=== PROVIDED INFORMATION ===
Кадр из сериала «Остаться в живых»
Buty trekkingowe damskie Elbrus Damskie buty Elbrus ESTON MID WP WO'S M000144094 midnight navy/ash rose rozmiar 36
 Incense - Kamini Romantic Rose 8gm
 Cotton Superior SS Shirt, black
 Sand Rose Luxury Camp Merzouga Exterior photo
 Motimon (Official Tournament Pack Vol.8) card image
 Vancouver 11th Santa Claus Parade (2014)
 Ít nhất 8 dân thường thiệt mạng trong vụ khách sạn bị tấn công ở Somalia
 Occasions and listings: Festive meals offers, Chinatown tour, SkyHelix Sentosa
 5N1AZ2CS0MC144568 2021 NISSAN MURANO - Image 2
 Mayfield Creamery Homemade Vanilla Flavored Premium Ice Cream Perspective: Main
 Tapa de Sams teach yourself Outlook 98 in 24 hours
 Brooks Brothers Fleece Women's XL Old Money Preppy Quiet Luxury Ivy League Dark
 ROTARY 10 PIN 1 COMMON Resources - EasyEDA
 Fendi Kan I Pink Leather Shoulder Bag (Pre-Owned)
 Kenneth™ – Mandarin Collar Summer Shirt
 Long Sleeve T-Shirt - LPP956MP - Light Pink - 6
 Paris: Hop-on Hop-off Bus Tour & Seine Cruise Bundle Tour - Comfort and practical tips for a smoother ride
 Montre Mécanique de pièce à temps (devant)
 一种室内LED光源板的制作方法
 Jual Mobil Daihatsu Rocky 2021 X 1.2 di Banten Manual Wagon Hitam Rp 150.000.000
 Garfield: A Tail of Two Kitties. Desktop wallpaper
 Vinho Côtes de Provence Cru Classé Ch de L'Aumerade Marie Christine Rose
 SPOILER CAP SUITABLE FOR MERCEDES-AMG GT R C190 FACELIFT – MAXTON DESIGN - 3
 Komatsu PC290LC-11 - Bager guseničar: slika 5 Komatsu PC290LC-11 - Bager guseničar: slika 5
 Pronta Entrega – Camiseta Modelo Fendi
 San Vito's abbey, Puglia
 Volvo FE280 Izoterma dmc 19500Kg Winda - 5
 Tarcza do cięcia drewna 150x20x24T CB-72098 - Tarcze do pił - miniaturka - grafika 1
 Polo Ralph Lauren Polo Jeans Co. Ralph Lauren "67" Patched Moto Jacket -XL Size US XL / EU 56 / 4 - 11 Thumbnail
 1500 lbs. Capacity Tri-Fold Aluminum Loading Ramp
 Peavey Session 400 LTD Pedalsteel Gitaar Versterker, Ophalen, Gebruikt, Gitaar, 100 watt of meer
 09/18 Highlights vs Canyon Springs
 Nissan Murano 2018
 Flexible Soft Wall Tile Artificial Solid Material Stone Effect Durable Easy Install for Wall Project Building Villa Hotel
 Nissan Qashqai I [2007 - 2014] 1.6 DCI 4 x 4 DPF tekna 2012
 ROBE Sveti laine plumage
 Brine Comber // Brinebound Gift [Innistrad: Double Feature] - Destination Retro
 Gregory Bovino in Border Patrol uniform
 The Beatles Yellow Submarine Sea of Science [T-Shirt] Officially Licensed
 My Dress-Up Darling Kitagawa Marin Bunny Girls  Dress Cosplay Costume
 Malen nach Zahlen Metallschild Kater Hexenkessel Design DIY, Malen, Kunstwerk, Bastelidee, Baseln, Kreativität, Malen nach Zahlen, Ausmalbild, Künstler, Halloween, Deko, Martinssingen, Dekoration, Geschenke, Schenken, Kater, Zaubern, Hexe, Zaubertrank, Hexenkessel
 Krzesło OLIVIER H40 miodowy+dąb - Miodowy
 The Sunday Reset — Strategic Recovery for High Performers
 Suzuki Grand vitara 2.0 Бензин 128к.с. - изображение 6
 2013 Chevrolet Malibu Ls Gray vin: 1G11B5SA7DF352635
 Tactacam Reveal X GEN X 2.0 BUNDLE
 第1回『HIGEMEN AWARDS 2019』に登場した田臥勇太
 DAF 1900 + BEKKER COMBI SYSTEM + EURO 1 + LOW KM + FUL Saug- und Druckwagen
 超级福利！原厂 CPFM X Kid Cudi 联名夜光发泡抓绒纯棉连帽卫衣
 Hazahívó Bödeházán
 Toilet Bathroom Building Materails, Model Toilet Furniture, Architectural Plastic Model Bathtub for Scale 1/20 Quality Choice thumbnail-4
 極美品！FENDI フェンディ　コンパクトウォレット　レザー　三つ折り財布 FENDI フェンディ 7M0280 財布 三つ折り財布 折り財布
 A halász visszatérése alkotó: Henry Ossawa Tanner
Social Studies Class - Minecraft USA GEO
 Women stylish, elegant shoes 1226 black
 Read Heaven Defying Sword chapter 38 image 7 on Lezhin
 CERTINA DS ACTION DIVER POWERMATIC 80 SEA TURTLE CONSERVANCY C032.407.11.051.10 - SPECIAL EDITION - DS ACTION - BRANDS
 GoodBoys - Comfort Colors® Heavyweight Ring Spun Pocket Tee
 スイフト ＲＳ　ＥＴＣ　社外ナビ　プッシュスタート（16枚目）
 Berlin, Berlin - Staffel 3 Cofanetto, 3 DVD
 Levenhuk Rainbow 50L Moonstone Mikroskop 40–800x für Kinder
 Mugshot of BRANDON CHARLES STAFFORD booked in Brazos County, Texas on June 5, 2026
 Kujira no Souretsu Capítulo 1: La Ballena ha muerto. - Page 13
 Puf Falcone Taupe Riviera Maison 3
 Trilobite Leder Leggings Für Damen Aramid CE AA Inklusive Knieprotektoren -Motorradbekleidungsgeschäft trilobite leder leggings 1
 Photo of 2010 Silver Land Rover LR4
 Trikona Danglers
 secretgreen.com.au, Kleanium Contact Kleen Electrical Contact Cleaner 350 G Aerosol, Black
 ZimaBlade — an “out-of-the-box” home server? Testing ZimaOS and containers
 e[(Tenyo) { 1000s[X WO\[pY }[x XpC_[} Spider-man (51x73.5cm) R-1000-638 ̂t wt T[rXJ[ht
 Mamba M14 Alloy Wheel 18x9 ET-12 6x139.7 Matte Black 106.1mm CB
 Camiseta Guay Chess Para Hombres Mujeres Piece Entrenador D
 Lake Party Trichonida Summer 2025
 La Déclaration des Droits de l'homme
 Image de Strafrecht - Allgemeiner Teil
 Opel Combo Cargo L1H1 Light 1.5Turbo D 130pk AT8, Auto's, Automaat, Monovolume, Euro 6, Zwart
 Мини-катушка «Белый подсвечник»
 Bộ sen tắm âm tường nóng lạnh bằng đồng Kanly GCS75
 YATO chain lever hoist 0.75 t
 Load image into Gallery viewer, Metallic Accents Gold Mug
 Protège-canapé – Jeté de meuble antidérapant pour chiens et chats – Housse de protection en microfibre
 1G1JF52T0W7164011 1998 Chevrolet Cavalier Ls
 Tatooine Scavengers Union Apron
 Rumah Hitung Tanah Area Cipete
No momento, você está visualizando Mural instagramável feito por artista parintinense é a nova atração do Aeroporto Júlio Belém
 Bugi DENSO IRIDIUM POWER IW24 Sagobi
===
Using the entries, state how many of their lines hold "Comfort"; give the number and no more.

## TASK ANSWER
2